■ **EXERCISE OBJECTIVE**
Write out the entries below exactly, but only from the line containing "St. Pete Beach" through the line containing "1 Lochness Rooms&Hostel", and without the pictures.

[RECORDS FOR PROCESSING Boundary: Start]

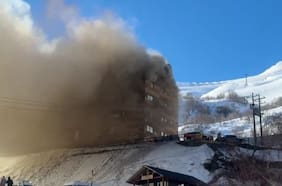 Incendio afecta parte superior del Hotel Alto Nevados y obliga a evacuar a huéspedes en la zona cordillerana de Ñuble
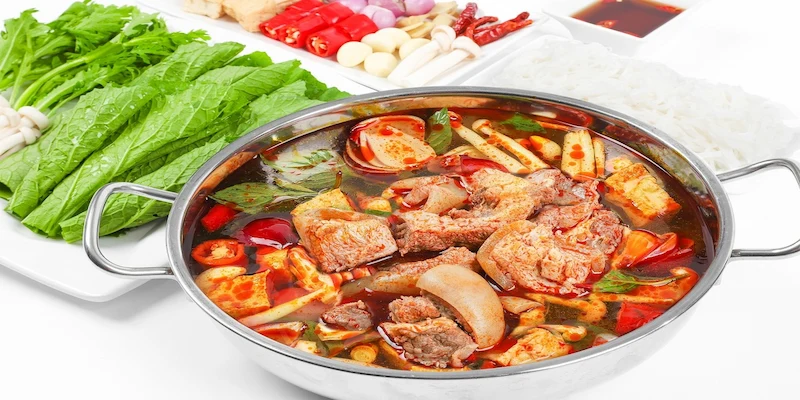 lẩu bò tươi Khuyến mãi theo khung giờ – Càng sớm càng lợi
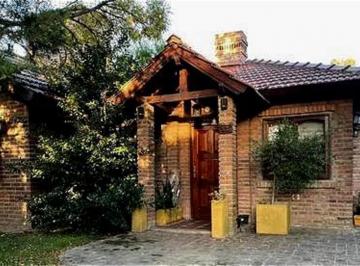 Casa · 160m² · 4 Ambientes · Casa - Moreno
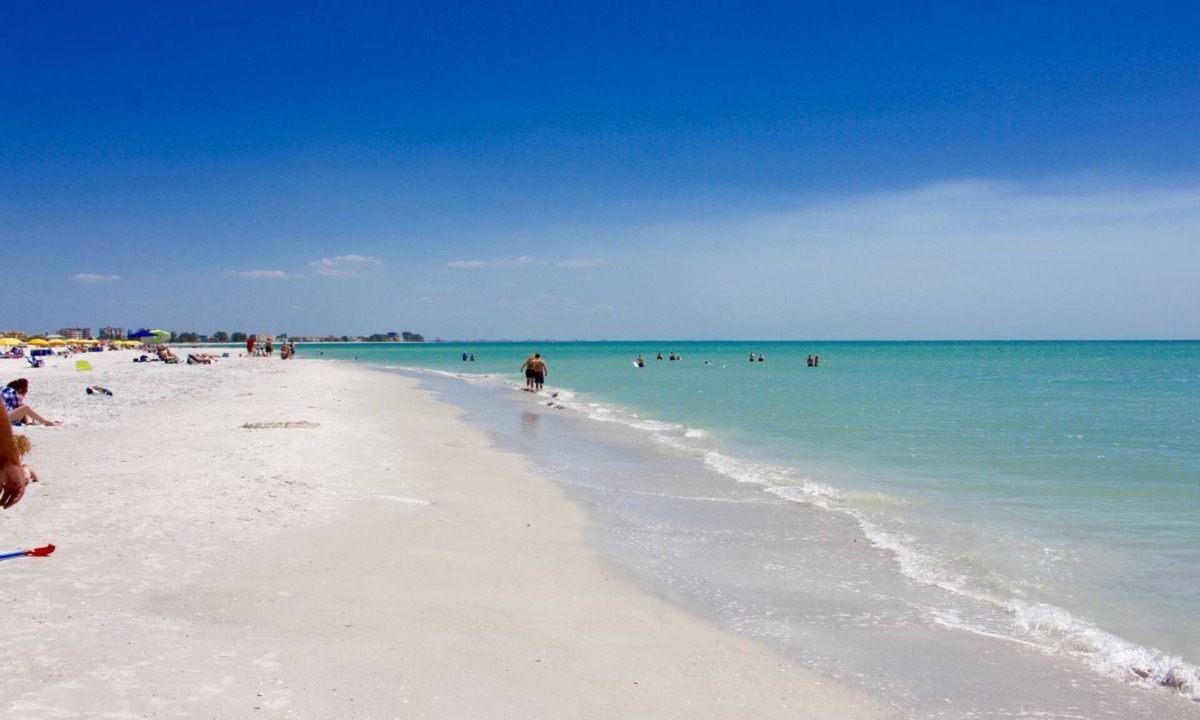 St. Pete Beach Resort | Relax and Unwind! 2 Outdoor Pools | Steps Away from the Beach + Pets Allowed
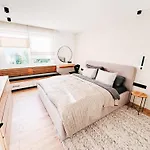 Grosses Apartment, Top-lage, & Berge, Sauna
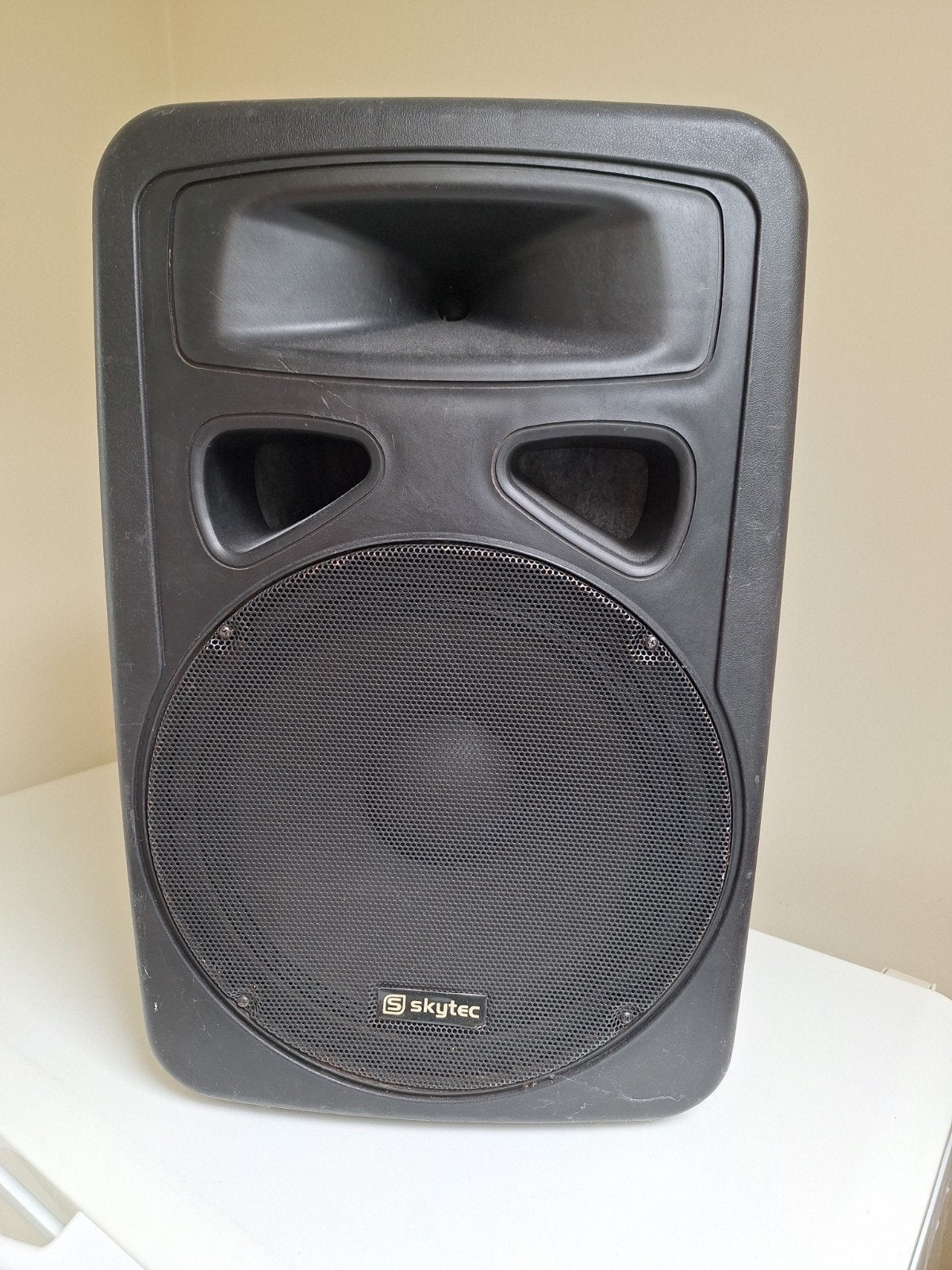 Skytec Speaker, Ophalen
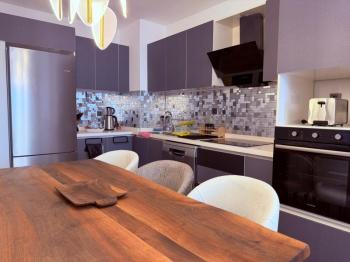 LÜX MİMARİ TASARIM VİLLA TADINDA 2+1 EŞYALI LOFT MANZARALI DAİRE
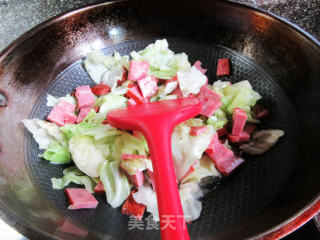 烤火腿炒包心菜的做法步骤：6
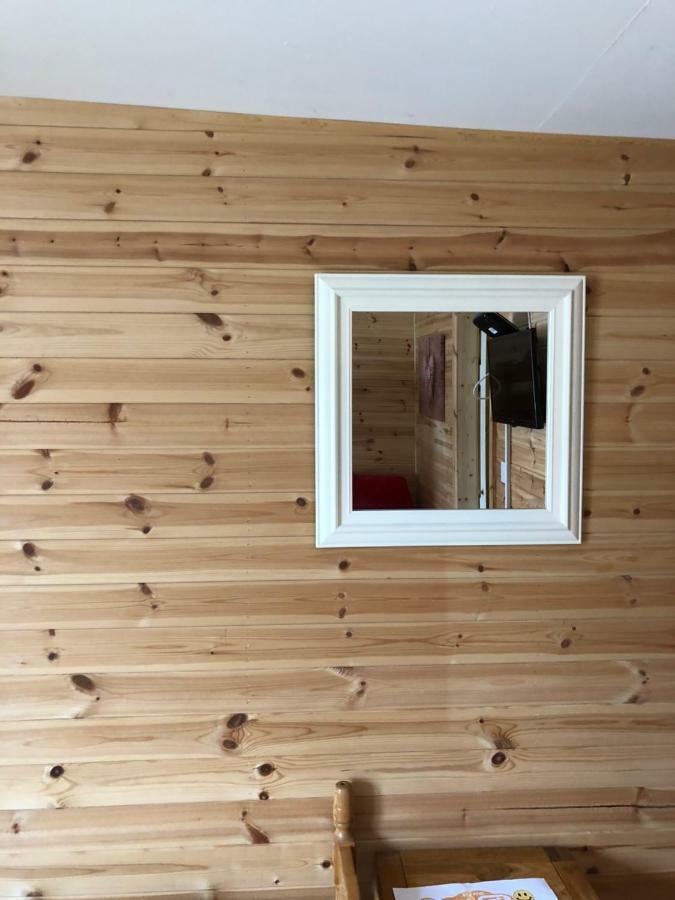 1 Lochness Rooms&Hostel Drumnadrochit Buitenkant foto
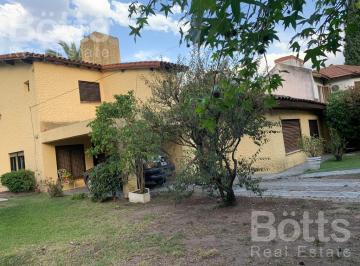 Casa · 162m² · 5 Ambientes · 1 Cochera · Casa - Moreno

[RECORDS FOR PROCESSING Boundary: End]
[RECORDS FOR PROCESSING Boundary: Start]

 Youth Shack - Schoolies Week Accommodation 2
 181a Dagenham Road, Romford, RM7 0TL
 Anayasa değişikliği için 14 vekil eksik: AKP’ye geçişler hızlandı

[RECORDS FOR PROCESSING Boundary: End]
[RECORDS FOR PROCESSING Boundary: Start]

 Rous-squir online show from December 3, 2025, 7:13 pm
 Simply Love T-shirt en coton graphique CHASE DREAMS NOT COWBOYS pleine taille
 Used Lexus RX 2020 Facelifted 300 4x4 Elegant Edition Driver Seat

[RECORDS FOR PROCESSING Boundary: End]

■ **ANSWER TO THIS TASK**
 St. Pete Beach Resort | Relax and Unwind! 2 Outdoor Pools | Steps Away from the Beach + Pets Allowed
 Grosses Apartment, Top-lage, & Berge, Sauna
 Skytec Speaker, Ophalen
 LÜX MİMARİ TASARIM VİLLA TADINDA 2+1 EŞYALI LOFT MANZARALI DAİRE
 烤火腿炒包心菜的做法步骤：6
 1 Lochness Rooms&Hostel Drumnadrochit Buitenkant foto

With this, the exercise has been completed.